森見登美彦氏も出身者であるところの日本ファンタジーノベル大賞がいったん中断され、嬉しくも復活した第一回目の受賞作である。恩田陸氏、萩尾望都氏、登美彦氏という面々でのぞむ初めての選考会だったが、新潮社の人があっけにとられるほどスンナリ決まった。この作品があまりにも面白かったからである。記念すべき再開一回目だったので、関係者みんなでホッとしたのを憶えている。
今回の文庫化にあたって登美彦氏は解説を書いた。
文庫解説を書くというのはたいへんむつかしい仕事だが、この作品がまた、どこから手をつければいいのやら見当がつかんという作品である。かといって、べつにむつかしい小説ではまったくない。読み始めたら面白くて途中で止められないぐらいである。しかし、いざ「この小説はいったい何なのか解説しろ」と言われると途方に暮れてしまうのである。へんなことをアレコレ言わなくても面白いことは明白で、じつに小説らしい小説というべきかもしれない。で、「読めば分かる」と言いたくなるところをグッとこらえて、登美彦氏が苦心惨憺ひねくりだした解説については本書を購入してご確認いただければ幸いである。
選考のために読んだときを含めると、登美彦氏は本作を五回ぐらい読んでいるが、それでも飽きない。やはり傑作であると思う。とはいえ、わけがわからんところは今でもやっぱりわけがわからん。
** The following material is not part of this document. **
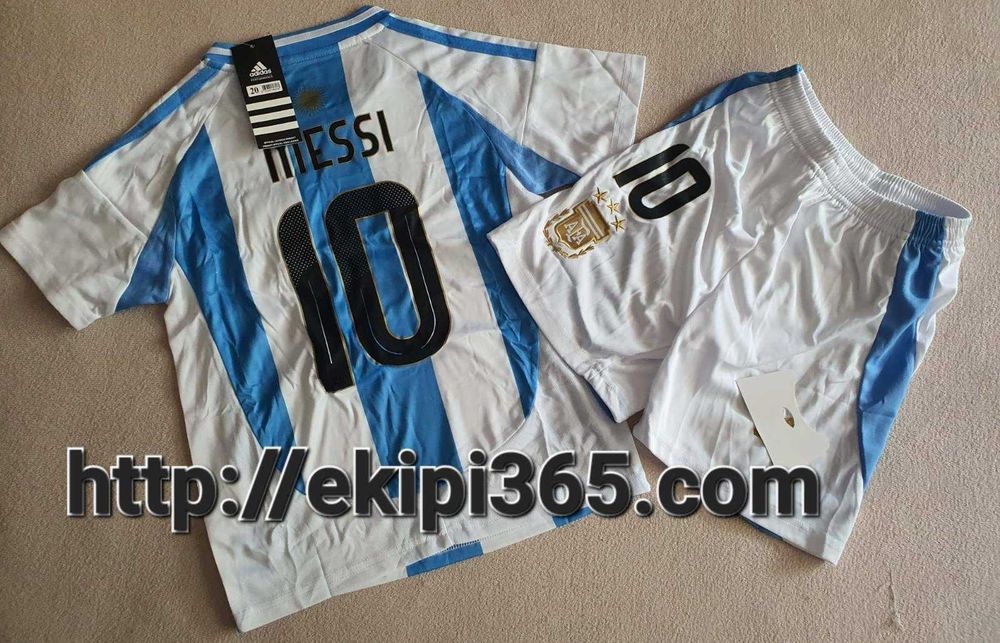 Меси10 - Аржентина детски екип НОВ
それでいいのである、小説なんて。
作者の柿村将彦氏は次の作品を執筆中らしい。という噂を聞いてから、もう長いこと経つ。「もうそろそろ完成らしいぞ」という噂を聞いてからも一年経つ。ちょっと心配しないでもないが、こればかりはどうしようもない。そもそも登美彦氏に、他人の仕事ぶりに文句をつける資格はないのである。どうやら今年は『四畳半タイムマシンブルース』の出版だけで終わりそうだ。
というわけで、『四畳半タイムマシンブルース』もよろしくお願いします。